The string "para" may appear in lines of the listing. Report each line where it does.

+++ DATA EXTRACT

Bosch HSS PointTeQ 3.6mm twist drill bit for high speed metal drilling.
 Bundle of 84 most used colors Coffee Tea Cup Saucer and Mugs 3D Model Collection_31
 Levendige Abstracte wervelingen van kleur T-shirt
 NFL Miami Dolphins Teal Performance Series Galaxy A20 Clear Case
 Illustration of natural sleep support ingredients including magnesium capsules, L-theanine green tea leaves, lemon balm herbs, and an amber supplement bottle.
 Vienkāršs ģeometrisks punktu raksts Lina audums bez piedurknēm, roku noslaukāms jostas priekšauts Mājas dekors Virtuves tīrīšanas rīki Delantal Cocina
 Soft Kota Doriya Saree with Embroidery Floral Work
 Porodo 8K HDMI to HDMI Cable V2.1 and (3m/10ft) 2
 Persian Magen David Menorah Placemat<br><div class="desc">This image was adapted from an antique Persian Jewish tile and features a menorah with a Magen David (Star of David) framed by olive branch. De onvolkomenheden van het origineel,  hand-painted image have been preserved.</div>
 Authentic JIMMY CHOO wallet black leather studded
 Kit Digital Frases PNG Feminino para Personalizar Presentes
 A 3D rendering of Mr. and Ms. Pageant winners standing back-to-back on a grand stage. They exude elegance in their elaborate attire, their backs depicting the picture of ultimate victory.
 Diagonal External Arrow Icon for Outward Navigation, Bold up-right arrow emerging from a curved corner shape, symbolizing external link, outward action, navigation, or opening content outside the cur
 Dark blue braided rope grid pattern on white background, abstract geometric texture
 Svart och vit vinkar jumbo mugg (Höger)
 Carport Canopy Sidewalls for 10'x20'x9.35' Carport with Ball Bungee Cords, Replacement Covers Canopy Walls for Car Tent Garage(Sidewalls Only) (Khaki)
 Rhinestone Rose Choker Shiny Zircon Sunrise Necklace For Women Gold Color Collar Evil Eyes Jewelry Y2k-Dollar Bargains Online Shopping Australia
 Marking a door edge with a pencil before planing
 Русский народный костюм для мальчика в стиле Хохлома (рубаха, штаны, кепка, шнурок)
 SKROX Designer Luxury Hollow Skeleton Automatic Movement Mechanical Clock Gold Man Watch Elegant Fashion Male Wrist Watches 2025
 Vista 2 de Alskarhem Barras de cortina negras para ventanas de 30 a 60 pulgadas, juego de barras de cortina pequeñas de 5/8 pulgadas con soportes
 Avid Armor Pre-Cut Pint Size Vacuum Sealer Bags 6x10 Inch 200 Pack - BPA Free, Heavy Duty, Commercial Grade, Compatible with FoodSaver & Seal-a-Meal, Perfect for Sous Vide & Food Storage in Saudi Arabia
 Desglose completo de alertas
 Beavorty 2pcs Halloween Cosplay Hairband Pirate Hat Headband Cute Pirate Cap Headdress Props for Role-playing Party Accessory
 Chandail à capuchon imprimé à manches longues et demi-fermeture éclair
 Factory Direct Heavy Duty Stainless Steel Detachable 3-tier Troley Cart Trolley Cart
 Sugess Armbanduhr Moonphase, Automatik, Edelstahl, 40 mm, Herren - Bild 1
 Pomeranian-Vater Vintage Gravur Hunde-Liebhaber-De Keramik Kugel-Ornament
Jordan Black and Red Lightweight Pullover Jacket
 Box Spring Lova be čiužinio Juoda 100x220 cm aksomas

++++++

RESULT
 Kit Digital Frases PNG Feminino para Personalizar Presentes
 Vista 2 de Alskarhem Barras de cortina negras para ventanas de 30 a 60 pulgadas, juego de barras de cortina pequeñas de 5/8 pulgadas con soportes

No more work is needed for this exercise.